Corren malos tiempos para los genios. La mediocridad ha tomado el mando y no consiente que nadie destaque. Los que estábamos en el sevillano teatro de la Maestranza sabíamos que nos encontrábamos ante una voz divina y humana al mismo tiempo, pegada al poder telúrico de la tierra y al no sé qué de lo angelical. Esa voz llena el escenario y el corazón, recorre la historia de la ópera desde Mozart hasta Puccini, pasando por la belleza sin límites de Massenet. Asciende al do de pecho y llora con la furtiva lágrima que nace del paradójico manantial sereno de la emoción. Porque el arte es emoción o no es nada. Y la belleza será convulsa o no será.

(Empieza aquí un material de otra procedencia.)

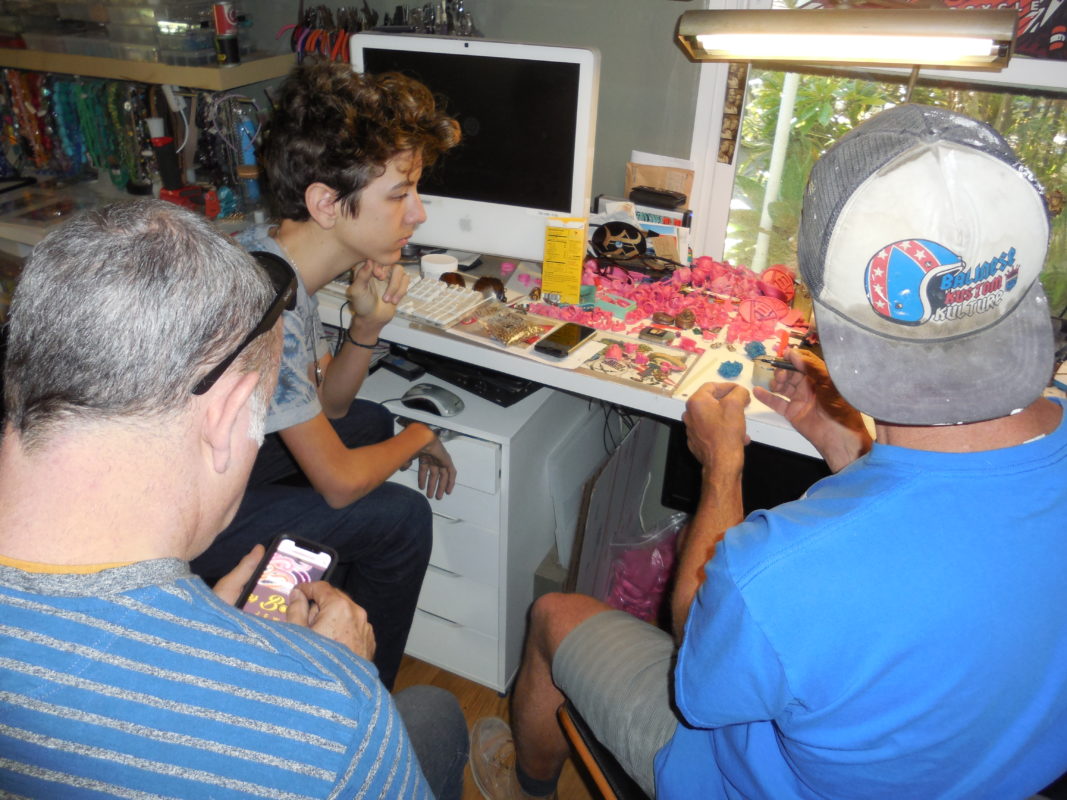 Learn Lost Wax Casting Wax Models & Production Rubber Molds Learn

El populismo imperante no soporta a los genios, a los artistas que sobresalen, a los científicos que brillan, a los empresarios que triunfan. Quieren gobernar a la masa domesticada y comprada con rentas básicas que les permitan vivir sin trabajar. No hay mejor manera de ahogar al genio antes de que desarrolle sus potencialidades. Porque el genio no lo es porque sí, sino porque trabaja más que nadie, ensaya más que nadie, investiga más que nadie, emprende más que nadie. La inteligencia, cuando se detiene, ya no es inteligencia. Y el genio lo sabe. Por eso el tenor no para de ensayar, de estudiar, de meterse en los papeles de la ópera o de cantar el folklore de su sangre con una guitarra en las manos.

Al escuchar a Juan Diego Flórez se venían a la cabeza las pinceladas ligerísimas de Velázquez como un aria recitada por abajo. O los versos musicales, leves como arpa de nieve, que Bécquer fue reescribiendo hace un siglo y medio cuando las turbas de la Gloriosa quemaron sus Rimas. Al escuchar al tenor veíamos los nenúfares de Monet y el mármol indultado por la mano maestra de Miguel Ángel. Escuchábamos la gracia de Lope, la amargura de Quevedo, la suprema y dolorida inteligencia de Cervantes. En esa voz están las pasiones de Shakespeare y la luz imposible de Turner. Porque el genio sopla, como el Espíritu, allí donde quiere o se le antoja. Y quien recibe ese don no es consciente de lo que tiene. En ese caso moriría aplastado por el peso de la responsabilidad o del conocimiento. Todo genio es inconsciente. Como el tenor que después de la actuación se tomó un tinto con el resto de los mortales como si tal cosa. Sin necesidad de colarse en un besamanos para que le digan los demás lo que no le dice el espejo.